Site Visit 2018

Reading this week:

  • Nathaniel’s Nutmeg by Milton Giles

This past week I helped out with cluster site visit. During Pre-Service Training, the Trainees go on site visit. Site visit happens in two parts: first, they go to cluster site visit, where all the trainees of a certain language group (in our case, of course, Mambwe) assigned to the province go to a site visit together with PCVs. The second part of site visit is individual site visit, where they split up and visit their individual sites, alone. Cluster site visit gives the trainees the chance to get language and culture training close to where their actual site will be. It also gives them a chance to learn about the little tips and tricks of village life, like how to light a brazier or cool hints on how to set up their eventual home.

I wasn’t originally going to help with site visit but some plans fell through and I was free so I went. I couldn’t go for the whole time, but I spent two full days with the trainees. It was lead by another volunteer, Mitch, because it took place at his site. My main roles, besides imparting my wisdom and knowledge, were to help cook and clean while the trainees were in class.

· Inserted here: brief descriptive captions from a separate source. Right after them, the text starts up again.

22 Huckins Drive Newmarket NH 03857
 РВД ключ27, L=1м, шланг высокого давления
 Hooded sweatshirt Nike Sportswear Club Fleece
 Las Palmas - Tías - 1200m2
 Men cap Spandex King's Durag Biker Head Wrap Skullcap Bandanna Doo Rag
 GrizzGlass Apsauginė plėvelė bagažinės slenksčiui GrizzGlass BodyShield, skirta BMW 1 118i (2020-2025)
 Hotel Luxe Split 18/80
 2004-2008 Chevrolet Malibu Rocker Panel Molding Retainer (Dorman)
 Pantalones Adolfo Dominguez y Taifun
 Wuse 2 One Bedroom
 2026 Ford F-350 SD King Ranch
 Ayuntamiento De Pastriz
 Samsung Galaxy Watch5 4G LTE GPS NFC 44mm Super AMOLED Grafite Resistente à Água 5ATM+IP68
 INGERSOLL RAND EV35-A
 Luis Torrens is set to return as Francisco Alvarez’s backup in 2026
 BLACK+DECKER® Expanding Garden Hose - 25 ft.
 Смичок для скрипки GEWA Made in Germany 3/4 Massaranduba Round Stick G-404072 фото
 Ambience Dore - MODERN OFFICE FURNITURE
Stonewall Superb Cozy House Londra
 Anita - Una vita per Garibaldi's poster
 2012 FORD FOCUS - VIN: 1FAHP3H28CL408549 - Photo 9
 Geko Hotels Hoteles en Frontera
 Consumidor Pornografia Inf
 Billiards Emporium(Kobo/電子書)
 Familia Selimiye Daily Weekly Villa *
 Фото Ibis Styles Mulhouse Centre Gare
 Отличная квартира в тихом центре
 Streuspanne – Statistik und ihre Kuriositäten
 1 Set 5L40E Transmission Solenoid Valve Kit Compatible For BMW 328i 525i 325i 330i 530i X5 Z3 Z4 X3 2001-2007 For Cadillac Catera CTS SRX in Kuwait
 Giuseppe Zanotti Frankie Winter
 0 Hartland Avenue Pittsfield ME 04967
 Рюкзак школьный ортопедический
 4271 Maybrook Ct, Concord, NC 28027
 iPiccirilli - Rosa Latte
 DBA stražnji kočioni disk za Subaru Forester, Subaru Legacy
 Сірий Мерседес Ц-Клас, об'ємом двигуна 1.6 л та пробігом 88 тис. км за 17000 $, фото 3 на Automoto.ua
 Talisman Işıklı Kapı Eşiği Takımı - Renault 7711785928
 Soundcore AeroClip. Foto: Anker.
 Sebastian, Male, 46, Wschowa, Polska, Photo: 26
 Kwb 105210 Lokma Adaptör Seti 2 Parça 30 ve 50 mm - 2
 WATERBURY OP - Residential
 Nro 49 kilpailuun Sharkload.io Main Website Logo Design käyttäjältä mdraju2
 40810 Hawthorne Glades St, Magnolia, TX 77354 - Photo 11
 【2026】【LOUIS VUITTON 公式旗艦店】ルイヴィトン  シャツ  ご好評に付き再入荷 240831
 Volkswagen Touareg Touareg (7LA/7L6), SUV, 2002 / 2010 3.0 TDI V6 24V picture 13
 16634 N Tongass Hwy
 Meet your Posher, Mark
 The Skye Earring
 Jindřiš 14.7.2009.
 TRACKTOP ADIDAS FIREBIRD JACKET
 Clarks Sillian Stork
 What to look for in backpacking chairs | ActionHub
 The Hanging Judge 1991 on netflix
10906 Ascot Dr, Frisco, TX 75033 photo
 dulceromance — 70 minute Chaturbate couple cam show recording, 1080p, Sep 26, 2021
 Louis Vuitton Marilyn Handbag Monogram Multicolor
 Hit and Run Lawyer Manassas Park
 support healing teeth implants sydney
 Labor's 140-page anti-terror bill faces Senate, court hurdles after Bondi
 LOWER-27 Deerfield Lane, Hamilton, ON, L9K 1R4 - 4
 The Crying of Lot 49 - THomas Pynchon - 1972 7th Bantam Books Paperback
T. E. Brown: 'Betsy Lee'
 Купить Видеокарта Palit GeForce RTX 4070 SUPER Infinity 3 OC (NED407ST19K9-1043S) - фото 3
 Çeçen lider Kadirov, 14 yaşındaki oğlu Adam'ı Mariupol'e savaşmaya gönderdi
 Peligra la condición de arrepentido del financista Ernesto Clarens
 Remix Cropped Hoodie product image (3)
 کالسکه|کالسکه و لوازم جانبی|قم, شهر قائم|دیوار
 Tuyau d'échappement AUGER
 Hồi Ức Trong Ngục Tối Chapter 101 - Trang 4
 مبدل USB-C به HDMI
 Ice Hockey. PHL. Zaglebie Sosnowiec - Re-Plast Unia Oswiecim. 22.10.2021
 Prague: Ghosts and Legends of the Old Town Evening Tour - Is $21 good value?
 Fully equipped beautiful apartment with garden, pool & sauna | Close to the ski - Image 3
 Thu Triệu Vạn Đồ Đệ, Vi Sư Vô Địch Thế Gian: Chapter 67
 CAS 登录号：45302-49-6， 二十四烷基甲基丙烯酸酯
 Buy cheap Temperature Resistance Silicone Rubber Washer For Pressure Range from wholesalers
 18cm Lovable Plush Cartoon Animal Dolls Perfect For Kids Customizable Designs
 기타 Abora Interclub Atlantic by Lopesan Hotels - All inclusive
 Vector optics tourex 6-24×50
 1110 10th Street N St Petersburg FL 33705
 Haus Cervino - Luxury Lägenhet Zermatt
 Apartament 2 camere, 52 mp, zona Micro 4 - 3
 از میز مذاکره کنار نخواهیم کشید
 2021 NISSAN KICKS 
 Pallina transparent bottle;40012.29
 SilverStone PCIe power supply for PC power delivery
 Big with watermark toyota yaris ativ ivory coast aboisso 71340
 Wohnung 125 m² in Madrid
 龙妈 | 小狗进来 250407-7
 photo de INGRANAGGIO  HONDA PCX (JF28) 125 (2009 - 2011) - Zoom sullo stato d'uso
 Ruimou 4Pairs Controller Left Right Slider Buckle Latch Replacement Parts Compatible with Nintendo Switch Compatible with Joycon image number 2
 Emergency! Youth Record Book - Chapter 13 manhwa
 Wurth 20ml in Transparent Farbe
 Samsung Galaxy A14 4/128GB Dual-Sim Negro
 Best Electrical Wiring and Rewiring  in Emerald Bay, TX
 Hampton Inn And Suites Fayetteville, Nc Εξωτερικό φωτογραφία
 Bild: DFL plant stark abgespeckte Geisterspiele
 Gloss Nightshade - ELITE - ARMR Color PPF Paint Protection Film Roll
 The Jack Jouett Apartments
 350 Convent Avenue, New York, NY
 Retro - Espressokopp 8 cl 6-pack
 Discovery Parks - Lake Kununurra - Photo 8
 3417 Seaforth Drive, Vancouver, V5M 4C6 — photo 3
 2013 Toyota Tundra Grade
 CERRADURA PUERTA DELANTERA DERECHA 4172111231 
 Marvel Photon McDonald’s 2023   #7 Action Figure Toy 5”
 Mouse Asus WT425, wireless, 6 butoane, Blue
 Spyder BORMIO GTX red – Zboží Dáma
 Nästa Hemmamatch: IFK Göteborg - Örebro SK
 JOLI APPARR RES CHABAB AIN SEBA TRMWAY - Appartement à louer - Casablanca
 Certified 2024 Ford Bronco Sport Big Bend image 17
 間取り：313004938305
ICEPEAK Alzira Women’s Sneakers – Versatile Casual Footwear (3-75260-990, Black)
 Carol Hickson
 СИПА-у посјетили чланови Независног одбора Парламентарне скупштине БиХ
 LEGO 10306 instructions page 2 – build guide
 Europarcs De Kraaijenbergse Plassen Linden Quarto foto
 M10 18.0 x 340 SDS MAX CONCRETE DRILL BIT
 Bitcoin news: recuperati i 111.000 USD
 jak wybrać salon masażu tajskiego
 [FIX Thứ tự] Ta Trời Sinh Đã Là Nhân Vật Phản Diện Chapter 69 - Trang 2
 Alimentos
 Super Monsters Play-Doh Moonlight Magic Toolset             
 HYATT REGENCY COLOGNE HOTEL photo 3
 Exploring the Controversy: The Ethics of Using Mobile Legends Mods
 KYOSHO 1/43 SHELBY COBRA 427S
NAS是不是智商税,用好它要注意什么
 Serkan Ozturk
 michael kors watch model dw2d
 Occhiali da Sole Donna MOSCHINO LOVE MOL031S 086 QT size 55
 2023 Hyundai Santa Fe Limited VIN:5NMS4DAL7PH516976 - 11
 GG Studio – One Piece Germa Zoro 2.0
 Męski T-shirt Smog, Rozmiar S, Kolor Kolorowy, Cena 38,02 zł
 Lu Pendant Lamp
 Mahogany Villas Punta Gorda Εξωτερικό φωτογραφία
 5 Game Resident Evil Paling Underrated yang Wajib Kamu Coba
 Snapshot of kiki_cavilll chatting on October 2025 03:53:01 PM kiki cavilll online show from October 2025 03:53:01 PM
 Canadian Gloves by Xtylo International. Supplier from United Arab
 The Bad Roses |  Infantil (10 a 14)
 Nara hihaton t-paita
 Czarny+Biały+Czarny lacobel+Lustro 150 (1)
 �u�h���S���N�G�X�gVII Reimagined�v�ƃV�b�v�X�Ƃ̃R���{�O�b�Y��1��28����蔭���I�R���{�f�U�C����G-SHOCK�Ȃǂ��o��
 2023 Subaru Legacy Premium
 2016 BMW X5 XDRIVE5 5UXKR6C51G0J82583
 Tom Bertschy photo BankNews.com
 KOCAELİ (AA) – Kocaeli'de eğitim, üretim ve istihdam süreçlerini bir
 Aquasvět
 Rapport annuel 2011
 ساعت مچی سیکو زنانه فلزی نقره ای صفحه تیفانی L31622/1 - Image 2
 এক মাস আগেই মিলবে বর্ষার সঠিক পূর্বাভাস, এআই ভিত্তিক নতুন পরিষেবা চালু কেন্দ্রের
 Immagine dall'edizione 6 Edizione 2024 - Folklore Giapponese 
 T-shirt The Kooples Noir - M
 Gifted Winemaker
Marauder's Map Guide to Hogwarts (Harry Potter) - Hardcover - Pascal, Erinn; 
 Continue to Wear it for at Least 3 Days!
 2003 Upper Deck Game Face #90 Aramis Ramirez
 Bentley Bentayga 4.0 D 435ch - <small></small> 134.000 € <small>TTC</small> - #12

I arrived at the site on Thursday afternoon after having hitched from Mbala. Mitch and the trainees were out at the time so I set up my tent and made myself comfortable. They came back and we cooked dinner. The next morning there was of course breakfast, and in the afternoon we did some technical training. Mitch brought the trainees around to view some of the ponds in his area. This gave the trainees a vision of what actual, in the field ponds looked like. For myself, I always like to keep an eye out for how other people do things and see if there were any ideas for me to implement. The other big part of this excursion was going off to see the village headman and ask him about his role for the benefit of the trainees.

The next day the big exercise was preps for the following day’s fish farming presentation. Part of the trainee’s assignment during site visit is to give presentations to local farmers in Mambwe about fish farming. This is mostly for the benefit of the trainees, frankly (the volunteer usually brings experienced fish farmers, and they know more than the trainees). It’s best to have hands-on activities and visuals, so Mitch thought it would be useful to send the trainees out into the village, armed with their knowledge of Mambwe, and have them find supplies. These included manure, cassava leaves, and ash. This was successful and with supplies gathered we went and looked at some more ponds.

The next day was Sunday and I had to depart. Mitch has a cool-looking hill near his site and I wanted to make sure I climbed it. I didn’t get a chance before, so on Sunday I woke up at 0430 and beat through grass in the dark to be on top of the hill for sunrise. It was worth it, despite getting soaked from dew. Mitch is on the east side of the escarpment that Mbala sits on, so from the top of the hill you could overlook this massive lowland covered with mist and fog at the beginning of the day. It’s a really great hill to get the lay of the land and see how everything is connected. Sightseeing accomplished, I went back to Mitch’s site and packed up to head out. I could have been in less of a hurry; it took me two hours to get a hitch, but I got home fine. I hope I managed to impart some wisdom and knowledge or whatever on the trainees, and I think they’ll have a great time at individual site visit.